---------- Material shown ----------

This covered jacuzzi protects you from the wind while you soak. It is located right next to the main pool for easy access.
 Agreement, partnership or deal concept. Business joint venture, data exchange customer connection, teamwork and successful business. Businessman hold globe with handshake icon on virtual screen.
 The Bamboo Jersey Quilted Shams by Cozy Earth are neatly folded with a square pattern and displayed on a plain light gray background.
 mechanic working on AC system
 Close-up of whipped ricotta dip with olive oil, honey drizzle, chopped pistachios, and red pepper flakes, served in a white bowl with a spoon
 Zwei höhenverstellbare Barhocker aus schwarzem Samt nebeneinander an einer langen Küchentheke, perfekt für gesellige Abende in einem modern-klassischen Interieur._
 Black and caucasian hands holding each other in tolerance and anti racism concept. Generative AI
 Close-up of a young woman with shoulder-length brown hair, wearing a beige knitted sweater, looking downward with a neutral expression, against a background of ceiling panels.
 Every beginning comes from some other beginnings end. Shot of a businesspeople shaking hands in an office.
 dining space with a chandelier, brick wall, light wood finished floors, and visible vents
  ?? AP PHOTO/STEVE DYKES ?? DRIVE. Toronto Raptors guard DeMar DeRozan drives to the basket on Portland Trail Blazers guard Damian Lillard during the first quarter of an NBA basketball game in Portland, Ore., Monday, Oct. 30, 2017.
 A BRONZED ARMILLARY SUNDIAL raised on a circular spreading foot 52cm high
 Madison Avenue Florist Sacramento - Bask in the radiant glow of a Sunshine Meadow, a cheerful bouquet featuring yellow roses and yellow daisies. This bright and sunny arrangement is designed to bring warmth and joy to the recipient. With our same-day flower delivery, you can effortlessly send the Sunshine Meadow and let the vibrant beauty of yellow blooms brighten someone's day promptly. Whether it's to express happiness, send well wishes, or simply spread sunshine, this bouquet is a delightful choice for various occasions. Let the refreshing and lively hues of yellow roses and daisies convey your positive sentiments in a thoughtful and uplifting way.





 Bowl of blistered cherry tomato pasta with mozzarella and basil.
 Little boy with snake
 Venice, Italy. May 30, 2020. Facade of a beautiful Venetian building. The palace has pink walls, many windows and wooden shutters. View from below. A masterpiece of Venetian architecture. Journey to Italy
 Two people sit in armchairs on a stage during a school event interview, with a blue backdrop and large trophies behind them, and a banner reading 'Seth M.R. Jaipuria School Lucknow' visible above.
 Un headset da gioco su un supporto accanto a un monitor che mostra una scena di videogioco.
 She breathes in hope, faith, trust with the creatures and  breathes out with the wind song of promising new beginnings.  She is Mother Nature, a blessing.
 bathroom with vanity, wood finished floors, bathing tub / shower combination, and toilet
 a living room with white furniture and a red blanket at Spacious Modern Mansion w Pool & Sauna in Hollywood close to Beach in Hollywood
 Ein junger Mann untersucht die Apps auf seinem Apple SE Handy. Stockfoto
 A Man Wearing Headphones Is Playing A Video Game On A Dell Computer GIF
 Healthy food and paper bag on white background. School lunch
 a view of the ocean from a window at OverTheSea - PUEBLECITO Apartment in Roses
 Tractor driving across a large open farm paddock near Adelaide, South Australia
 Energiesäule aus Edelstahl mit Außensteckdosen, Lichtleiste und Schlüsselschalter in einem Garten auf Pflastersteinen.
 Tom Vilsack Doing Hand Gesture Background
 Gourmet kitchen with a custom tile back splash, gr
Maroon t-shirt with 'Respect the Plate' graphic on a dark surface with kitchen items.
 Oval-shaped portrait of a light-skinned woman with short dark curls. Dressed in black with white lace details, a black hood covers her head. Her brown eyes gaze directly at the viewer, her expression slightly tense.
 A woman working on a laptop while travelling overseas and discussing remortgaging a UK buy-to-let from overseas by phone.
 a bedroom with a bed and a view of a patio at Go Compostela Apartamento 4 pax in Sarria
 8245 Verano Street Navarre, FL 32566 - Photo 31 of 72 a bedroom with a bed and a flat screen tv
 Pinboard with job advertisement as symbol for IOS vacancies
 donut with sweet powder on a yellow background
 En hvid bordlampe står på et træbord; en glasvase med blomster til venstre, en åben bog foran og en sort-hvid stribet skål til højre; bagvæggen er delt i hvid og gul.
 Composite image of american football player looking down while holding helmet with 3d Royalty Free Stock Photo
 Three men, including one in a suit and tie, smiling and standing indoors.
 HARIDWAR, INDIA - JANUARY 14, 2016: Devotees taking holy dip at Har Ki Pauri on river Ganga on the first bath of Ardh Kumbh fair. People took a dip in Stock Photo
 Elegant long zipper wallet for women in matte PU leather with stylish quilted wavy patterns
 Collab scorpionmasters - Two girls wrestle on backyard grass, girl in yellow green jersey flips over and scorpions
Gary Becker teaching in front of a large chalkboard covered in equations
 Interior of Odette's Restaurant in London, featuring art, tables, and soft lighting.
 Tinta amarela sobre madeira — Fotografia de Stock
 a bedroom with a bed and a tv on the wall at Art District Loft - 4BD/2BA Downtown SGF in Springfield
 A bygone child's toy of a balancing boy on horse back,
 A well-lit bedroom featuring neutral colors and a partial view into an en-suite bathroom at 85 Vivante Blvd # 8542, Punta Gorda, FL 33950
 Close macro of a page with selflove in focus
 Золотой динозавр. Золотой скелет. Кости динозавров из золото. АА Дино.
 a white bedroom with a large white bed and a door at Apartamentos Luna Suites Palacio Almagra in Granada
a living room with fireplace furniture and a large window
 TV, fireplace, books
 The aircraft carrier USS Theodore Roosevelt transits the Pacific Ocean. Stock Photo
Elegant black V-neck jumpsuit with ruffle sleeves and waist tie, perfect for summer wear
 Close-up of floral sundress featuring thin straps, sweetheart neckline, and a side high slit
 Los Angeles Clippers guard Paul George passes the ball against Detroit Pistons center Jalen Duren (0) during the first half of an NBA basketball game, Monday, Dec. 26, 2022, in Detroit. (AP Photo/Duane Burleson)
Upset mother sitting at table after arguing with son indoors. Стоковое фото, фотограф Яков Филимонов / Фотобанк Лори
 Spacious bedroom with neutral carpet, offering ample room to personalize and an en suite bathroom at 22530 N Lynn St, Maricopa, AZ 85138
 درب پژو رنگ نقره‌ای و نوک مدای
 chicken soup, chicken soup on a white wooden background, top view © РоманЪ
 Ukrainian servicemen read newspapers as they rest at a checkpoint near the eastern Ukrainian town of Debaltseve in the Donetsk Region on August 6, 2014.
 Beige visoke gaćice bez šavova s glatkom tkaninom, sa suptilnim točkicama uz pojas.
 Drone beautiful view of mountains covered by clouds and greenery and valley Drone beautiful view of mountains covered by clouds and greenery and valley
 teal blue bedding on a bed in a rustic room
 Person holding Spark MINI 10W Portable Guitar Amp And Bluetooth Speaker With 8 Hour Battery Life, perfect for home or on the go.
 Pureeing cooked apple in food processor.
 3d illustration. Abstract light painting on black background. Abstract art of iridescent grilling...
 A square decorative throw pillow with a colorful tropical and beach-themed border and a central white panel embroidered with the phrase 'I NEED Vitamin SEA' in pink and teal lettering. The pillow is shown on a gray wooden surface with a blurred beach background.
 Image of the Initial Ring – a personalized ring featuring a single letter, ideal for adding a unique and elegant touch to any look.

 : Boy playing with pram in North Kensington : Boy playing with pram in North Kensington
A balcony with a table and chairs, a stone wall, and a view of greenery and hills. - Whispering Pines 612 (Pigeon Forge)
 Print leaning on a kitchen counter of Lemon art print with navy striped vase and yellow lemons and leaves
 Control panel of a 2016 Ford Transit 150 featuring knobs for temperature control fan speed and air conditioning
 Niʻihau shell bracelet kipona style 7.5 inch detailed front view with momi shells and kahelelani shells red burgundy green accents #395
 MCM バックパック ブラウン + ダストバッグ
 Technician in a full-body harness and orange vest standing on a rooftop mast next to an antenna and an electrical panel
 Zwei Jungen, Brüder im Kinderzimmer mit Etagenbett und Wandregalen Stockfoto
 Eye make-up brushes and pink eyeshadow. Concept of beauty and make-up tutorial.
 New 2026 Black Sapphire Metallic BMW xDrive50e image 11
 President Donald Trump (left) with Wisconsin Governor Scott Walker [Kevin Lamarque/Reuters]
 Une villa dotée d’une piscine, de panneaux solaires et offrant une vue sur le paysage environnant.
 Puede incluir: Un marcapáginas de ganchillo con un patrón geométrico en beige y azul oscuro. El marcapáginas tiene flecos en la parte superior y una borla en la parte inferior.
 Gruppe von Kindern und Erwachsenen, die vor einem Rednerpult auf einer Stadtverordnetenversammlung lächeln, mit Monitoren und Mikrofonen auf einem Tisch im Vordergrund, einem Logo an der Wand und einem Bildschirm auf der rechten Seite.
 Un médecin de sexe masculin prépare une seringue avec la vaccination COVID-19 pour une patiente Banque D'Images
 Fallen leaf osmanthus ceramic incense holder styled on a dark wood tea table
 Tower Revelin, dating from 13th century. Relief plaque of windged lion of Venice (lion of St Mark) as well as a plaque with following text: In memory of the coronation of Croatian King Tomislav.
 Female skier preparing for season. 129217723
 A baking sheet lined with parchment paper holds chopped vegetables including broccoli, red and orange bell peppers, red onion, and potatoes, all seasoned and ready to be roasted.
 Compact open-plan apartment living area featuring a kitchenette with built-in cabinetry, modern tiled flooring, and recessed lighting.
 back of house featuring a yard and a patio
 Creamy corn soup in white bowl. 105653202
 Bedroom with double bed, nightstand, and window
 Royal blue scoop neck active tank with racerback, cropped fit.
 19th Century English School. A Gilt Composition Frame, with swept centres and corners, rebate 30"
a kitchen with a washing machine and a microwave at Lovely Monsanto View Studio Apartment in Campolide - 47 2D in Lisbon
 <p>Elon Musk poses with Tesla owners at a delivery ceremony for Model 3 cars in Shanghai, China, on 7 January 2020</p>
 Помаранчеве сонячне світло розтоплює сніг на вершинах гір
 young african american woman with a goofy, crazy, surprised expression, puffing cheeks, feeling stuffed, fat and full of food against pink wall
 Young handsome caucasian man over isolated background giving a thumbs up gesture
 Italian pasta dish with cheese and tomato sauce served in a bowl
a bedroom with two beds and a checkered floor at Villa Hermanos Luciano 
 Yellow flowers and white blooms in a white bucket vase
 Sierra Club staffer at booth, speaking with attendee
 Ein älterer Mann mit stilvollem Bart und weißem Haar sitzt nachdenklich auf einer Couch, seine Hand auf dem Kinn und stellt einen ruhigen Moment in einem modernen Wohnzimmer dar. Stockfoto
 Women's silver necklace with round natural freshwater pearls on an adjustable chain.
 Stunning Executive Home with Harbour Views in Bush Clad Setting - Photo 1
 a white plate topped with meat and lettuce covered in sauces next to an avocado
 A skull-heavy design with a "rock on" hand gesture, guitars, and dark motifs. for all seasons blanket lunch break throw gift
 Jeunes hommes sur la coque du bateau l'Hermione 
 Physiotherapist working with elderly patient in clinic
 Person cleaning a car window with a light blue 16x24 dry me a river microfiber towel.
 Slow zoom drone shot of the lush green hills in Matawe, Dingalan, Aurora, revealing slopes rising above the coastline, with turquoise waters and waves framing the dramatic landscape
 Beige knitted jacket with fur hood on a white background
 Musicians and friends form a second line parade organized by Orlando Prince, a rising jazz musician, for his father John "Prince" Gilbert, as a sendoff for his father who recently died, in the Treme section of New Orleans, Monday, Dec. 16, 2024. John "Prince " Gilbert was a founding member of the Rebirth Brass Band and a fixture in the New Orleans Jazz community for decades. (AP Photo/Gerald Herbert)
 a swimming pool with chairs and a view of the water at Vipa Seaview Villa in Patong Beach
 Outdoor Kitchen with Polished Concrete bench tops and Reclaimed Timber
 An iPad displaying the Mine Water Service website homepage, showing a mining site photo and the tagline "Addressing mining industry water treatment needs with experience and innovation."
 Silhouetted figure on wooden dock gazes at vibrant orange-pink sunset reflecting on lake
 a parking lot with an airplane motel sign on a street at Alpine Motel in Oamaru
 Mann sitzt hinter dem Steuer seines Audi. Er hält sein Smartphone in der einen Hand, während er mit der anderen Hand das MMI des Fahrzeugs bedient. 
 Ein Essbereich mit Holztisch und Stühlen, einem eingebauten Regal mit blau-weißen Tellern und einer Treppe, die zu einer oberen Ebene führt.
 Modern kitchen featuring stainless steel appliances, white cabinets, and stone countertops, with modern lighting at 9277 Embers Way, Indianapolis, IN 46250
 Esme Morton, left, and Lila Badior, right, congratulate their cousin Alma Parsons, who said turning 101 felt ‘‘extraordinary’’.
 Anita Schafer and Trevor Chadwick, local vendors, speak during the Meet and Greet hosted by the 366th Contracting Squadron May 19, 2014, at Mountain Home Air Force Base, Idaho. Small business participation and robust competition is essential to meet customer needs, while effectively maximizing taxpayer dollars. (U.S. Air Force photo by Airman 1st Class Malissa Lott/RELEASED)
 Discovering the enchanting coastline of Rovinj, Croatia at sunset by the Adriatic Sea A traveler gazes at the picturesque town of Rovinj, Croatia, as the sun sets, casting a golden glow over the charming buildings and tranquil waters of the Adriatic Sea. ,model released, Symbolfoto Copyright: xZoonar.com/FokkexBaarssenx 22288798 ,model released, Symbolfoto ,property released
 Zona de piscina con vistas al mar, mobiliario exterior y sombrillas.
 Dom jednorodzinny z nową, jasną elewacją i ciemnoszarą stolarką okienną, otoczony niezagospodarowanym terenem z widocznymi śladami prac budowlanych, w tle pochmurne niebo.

----------

= Problem details =
Go through the records above and return every line that holds the string "lunch".

= Answer to this problem =
 Healthy food and paper bag on white background. School lunch
 A skull-heavy design with a "rock on" hand gesture, guitars, and dark motifs. for all seasons blanket lunch break throw gift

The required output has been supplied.